Les élus reconnaissent des avancées, mais les considèrent comme insuffisantes pour assurer un niveau de protection des données « substantiellement équivalent » à celui garanti dans l’UE. Et de pointer, notamment, l’interprétation des principes de proportionnalité et de nécessité. La définition que s’en font les USA n’est pas en ligne avec celle de la législation UE, affirment-ils.

Le DPF, encore trop dans l’esprit Privacy Shield ?

Le Parlement s’arrête aussi sur la liste de finalités légitimes sous le couvert desquelles les États-Unis pourraient tout de même mener activités de renseignement électronique (SIGINT, signals intelligence). Et surtout sur la possibilité, pour le président américain, de modifier cette liste sans en informer le public, ni même l’UE.
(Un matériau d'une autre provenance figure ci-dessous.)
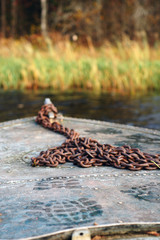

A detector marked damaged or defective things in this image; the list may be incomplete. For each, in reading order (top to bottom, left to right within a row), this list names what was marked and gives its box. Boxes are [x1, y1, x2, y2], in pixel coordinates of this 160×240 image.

coiled rusty chain [31, 102, 160, 170]
rusty chain [31, 102, 160, 170]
Autre appel à la vigilance : l’ordre exécutif n’interdit pas les collectes massives de données, y compris pour les contenus des communications. Et quand bien même il contient des garde-fous, il n’impose pas l’obtention préalable d’une autorisation issue d’un organisme indépendant.

Les députés européens dénoncent aussi le manque, dans ce même texte, de règles claires et strictes en matière de conservation des données. Ainsi que sur la question des transferts ultérieurs. L’ordre exécutif ne s’applique par ailleurs par aux données auxquelles les autorités publiques US accéderaient par d’autres moyens que le DPF. On parle, entre autres, du Patriot Act et du CLOUD Act.
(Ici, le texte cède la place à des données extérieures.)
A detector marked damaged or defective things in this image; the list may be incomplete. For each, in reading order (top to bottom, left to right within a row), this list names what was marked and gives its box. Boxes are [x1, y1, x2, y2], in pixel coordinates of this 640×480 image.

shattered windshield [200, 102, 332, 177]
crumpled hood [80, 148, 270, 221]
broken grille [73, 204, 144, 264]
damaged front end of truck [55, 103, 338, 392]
Un mécanisme de recours trop dépendant de l’exécutif ?

Le Parlement a aussi trouvé à redire concernant le mécanisme de recours à deux niveaux pour les personnes estimant que leurs données ont fait l’objet de traitements « contraires à la loi américaine ». Au premier doit se trouver un « responsable de la protection des libertés civiles » (DPRC) placé sous la responsabilité du directeur du renseignement national. Au deuxième, un « tribunal indépendant ». Qui, dans les grandes lignes, examinera les décisions de ce responsable ; et déterminera, en cas de violation, les remèdes à mettre en œuvre.

Que relèvent les élus européens ? En particulier, que les décisions du DPRC seraient classifiées. Le plaignant serait simplement informé s’il y a effectivement eu des traitements contraire à la loi. Difficile pour lui, dans ce cadre, de faire jouer ses droits d’accès et de rectification des données le concernant.
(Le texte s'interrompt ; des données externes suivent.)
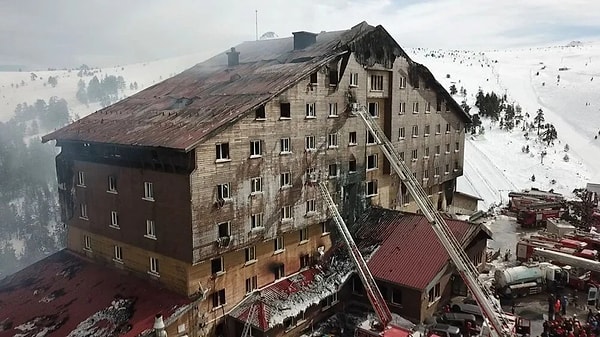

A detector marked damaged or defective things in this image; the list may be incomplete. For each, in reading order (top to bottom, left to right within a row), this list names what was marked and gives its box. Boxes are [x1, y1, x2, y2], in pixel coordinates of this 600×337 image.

Le mécanisme de recours ne fournit, en outre, pas de possibilité d’appel dans le circuit fédéral. Donc pas de possibilité de demander des dommages et intérêts. Quant au DPRC, il fait partie de la branche exécutive. Le président Biden peut en annuler les décisions, y compris en secret. Et mettre un terme au mandat de ses juges, dont l’indépendance n’est par là même pas garantie, regrettent les parlementaires. Exigence d’indépendance également inexistante pour l’avocat qui représentera les plaignants, ajoutent-ils.

C’est sans compter l’absence de définition et de règles clés sur des aspects comme le profilage et les prises de décisions automatisées. Ainsi que sur l’application des principes du DPF aux sous-traitants.